Test your HLS hardware from the last lab, and implement it on an SoC platform.
Learn how to connect Vitis HLS cores in a larger Vivado hardware project.
Learn how to call HLS accelerators from software in an SoC environment.
Gain experience using off-chip memory and streaming interfaces in HLS.

Preliminary

In this lab you will export your HLS accelerator as an IP to include in a Vivado project on the FPGA. You will then create an embedded software application in Vitis (different from Vitis HLS), that will communicate with your accelerator.

Most of the direction for this lab are included in a set of tutorial pages.

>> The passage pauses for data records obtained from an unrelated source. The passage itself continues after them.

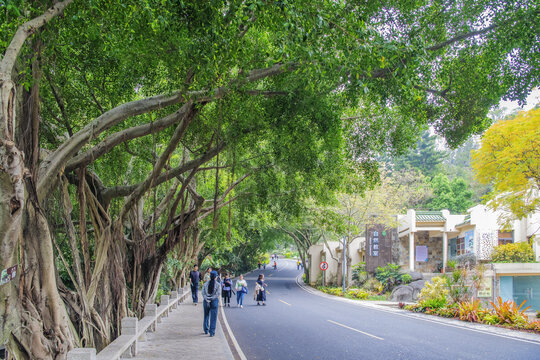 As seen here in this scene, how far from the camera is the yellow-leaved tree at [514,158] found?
1597cm

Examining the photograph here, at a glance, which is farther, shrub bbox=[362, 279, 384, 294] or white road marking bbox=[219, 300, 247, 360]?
shrub bbox=[362, 279, 384, 294]

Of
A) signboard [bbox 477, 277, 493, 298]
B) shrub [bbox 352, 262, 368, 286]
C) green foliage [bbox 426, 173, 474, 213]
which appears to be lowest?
shrub [bbox 352, 262, 368, 286]

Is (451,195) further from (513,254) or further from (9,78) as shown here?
(9,78)

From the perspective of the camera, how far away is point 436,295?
20.7 m

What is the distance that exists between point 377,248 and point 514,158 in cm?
1926

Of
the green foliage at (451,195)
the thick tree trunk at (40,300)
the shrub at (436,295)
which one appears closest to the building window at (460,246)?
the shrub at (436,295)

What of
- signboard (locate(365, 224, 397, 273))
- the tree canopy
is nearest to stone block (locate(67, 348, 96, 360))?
the tree canopy

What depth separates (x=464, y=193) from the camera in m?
49.6

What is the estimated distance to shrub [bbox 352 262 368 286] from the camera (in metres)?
36.9

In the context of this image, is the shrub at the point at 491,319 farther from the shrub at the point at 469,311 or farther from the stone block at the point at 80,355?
the stone block at the point at 80,355

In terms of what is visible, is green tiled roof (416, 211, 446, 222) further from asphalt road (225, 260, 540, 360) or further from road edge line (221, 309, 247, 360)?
road edge line (221, 309, 247, 360)

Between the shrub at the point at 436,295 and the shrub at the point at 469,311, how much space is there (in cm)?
199

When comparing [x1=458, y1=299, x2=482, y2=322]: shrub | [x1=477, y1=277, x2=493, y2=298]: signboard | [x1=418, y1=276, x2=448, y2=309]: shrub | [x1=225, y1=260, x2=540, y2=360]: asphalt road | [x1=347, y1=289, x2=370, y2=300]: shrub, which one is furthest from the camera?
[x1=347, y1=289, x2=370, y2=300]: shrub

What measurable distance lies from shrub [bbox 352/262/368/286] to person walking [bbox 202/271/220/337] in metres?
25.8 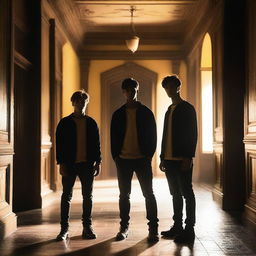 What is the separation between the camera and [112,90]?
38.1ft

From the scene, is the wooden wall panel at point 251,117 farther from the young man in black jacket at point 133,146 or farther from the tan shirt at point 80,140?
the tan shirt at point 80,140

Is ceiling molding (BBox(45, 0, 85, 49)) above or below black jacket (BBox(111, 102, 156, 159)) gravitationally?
above

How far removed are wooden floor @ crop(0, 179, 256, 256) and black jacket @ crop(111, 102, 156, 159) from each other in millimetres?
819

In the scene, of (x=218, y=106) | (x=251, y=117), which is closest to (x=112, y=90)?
(x=218, y=106)

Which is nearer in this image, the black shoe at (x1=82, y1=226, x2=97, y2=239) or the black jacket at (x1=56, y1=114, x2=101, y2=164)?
the black jacket at (x1=56, y1=114, x2=101, y2=164)

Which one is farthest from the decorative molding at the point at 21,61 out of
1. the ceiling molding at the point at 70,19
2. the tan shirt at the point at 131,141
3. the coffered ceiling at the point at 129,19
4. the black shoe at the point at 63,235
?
the black shoe at the point at 63,235

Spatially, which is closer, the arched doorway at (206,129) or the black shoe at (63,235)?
the black shoe at (63,235)

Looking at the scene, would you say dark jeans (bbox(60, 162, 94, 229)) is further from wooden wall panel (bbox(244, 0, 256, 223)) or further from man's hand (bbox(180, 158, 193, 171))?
wooden wall panel (bbox(244, 0, 256, 223))

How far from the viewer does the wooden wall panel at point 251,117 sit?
4926 millimetres

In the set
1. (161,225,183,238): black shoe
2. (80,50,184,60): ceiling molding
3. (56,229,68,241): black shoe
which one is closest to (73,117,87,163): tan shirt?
(56,229,68,241): black shoe

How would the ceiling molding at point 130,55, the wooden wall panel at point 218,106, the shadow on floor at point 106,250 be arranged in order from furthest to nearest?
the ceiling molding at point 130,55
the wooden wall panel at point 218,106
the shadow on floor at point 106,250

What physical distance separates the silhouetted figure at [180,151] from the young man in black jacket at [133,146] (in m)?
0.17

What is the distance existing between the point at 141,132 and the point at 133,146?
0.48ft

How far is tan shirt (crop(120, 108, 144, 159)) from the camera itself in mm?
3807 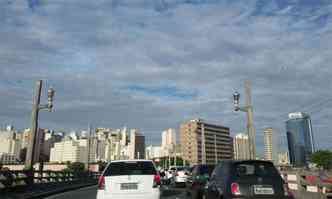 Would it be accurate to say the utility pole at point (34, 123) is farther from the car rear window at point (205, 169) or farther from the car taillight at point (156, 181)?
the car taillight at point (156, 181)

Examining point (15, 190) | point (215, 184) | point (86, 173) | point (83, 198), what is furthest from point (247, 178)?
point (86, 173)

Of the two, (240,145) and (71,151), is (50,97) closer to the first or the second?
(240,145)

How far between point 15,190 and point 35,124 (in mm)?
3822

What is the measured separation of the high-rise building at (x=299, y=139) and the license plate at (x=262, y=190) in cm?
3967

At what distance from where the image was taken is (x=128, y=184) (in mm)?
9648

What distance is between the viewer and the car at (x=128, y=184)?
958cm

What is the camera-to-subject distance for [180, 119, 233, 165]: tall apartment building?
13925 cm

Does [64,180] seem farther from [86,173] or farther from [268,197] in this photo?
[268,197]

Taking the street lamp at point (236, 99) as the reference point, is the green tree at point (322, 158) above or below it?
below

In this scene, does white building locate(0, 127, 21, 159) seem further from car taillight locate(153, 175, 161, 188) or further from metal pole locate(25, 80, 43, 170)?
car taillight locate(153, 175, 161, 188)

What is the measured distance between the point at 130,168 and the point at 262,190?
13.9 feet

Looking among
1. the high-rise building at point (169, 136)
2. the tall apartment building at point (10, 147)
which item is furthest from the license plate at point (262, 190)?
the high-rise building at point (169, 136)

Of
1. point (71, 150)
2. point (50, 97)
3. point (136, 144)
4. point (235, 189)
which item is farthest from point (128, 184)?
point (71, 150)

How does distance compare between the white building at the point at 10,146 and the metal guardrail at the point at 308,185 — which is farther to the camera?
the white building at the point at 10,146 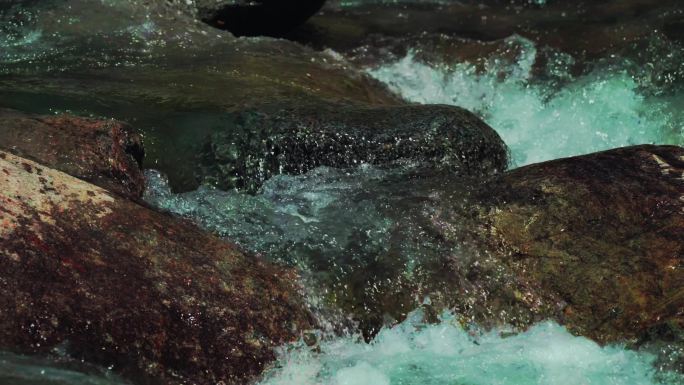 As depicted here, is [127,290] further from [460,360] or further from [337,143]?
[337,143]

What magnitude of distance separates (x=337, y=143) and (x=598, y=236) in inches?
67.3

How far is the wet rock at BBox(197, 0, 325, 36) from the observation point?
8.85 m

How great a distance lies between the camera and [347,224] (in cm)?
479

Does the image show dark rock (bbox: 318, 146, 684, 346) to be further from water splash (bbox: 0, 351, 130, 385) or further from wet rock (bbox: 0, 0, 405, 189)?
wet rock (bbox: 0, 0, 405, 189)

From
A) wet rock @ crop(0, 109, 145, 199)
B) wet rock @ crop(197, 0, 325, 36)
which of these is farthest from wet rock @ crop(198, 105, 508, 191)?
wet rock @ crop(197, 0, 325, 36)

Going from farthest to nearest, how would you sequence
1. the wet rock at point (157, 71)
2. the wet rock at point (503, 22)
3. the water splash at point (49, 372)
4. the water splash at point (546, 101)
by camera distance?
the wet rock at point (503, 22), the water splash at point (546, 101), the wet rock at point (157, 71), the water splash at point (49, 372)

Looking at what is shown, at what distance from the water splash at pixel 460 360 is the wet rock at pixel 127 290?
178 millimetres

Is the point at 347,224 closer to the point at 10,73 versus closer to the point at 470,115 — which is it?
the point at 470,115

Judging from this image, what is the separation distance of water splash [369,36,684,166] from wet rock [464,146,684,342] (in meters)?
2.25

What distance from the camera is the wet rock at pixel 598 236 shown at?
4.27 meters

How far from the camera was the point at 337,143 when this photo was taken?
18.1 ft

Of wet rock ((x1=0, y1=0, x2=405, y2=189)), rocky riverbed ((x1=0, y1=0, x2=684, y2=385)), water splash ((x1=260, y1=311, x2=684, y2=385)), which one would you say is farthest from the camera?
wet rock ((x1=0, y1=0, x2=405, y2=189))

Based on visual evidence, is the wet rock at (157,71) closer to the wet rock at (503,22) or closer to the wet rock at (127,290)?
the wet rock at (127,290)

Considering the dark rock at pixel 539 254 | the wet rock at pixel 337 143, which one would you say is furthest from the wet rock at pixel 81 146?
the dark rock at pixel 539 254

Depending on your experience you may need to complete some or all of these tutorials in order to complete this lab:

Vivado Tutorial: Tutorial on creating a block-design Vivado project with the ARM processor.
Vitis Tutorial: Running a bare-metal Hello World application in Vitis.
HLS Integration Tutorial: Exporting your HLS accelerator as an AXI4 IP and integrating it into your hardware and software projects.

Implementation

Part 1: Local Memory

As described in the tutorials, export your HLS IP to RTL, include it in an SoC Vivado project, and write software to run your accelerator (you are provided with most of the code in main.cpp). You can use any version of your HLS IP from the last lab (ie, unoptimized, min area, min latency, etc.)

Take a screenshot of your project in Vivado
Run your software on the board, and save the output in your report. Comment on the runtime of your accelerator. Does it match the latency reported by Vitis HLS? (it should be pretty close)

In order to minimize the time spent in software, you should disable any printing while timing your code (set logging to false), and you should set compiler optimizations to O2 or O3. You can enable compiler optimizations in Vitis by opening your application settings, going to Compiler Settings->Optimization->Optimization Level.

Part 2: Software-Only Runtime

Replace the call to your hardware accelerator with a software implementation of the function. You should be able to use your existing HLS code with some minor modifications. Measure and collect the runtime.

Part 3: Off-chip Memory (Main Memory)

The way your kNN accelerator is currently configured, the training samples are stored within the accelerator, which means they are implemented using the FPGA fabric, likely using the BRAMs. This is fast, but it limits the size of the training data that can be used, and requires a lot of FPGA memory resources.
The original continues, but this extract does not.